About Nehru Park
Nehru Park is an 80 acre green space in the Chanakyapuri Diplomatic Enclave of New Delhi, India, and is one of the much-needed green lungs in the midst of the Indian capital’s famously polluted streets.
History of Nehru Park
The park was established in 1969, and named for India’s first Prime Minister, Jawaharlal Nehru and has become one of Delhi’s leading green areas in the fifty years since its creation. It regularly hosts festivals, arts events, and mass yoga classes – get there early to spy them.
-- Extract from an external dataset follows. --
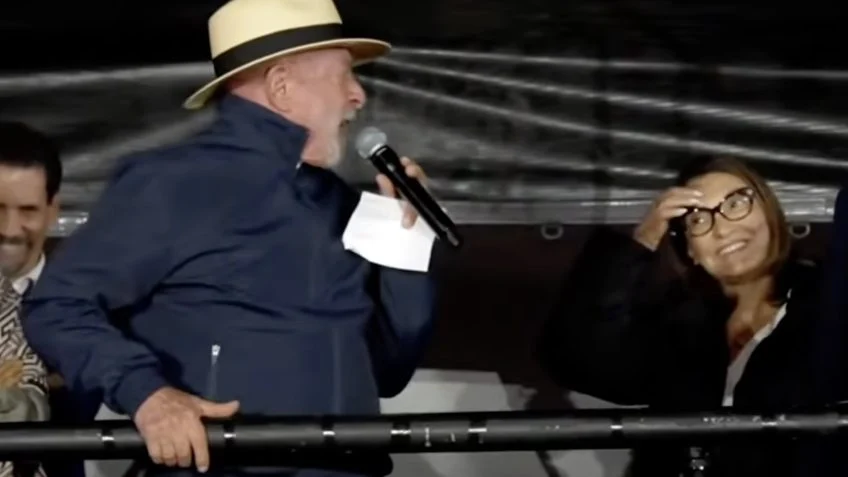 Lula volta a chamar Janja pelo nome de Marisa durante evento em Guarulhos; troca de nomes vira assunto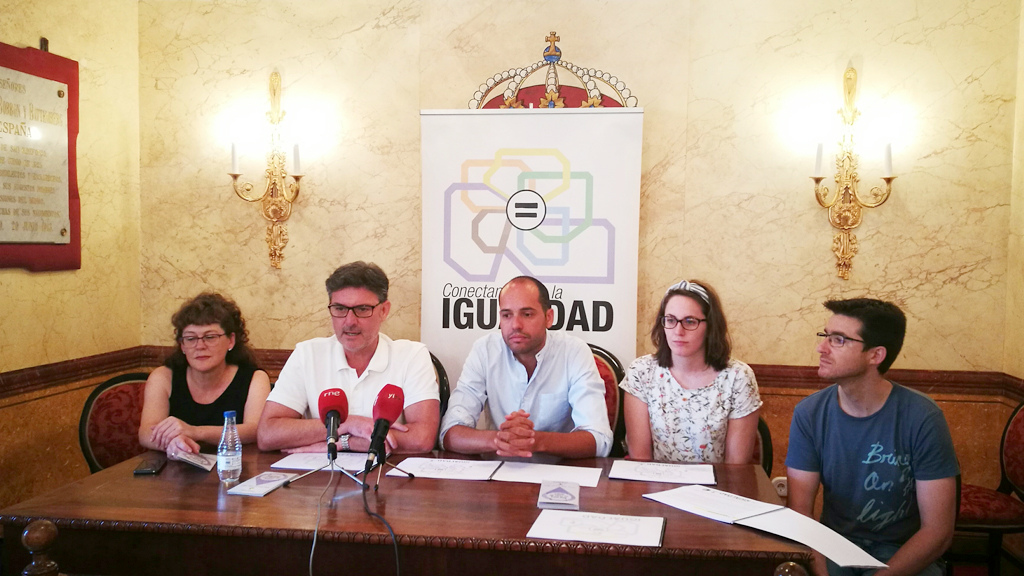 Un momento de la presentación del proyecto en el Ayuntamiento del Real Sitio. / el adelantado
Look out for the perhaps surprising life-size statue of Vladimir Lenin, which was unveiled on the 70th anniversary of Russia’s 1917 October Revolution by the Soviet Premier and the then Prime Minister for India. It remains a focal point for the Communist Party of India, who visit on Lenin’s birthday every year to commemorate the man himself. For context: India had sympathies with the Soviets in the Cold War, hence the background to this statue.
Nehru Park today
The green expanse of the park is popular with joggers and families at weekends, and its manicured lawns are a lovely place to while away the afternoon if the suffocating heat of the Indian summer gets too much. There’s a café inside and an ancient Shiv temple for those who need a culture fix.
Getting to Nehru Park
The park is not desperately close to any Metro stops – the Pink and Yellow lines both have stations several kilometres away, whilst the mainline railway station Sarojini Nagar is about a 20 minute walk away. Your best bet is to hop in a taxi or tuk-tuk, which are easily found across Delhi.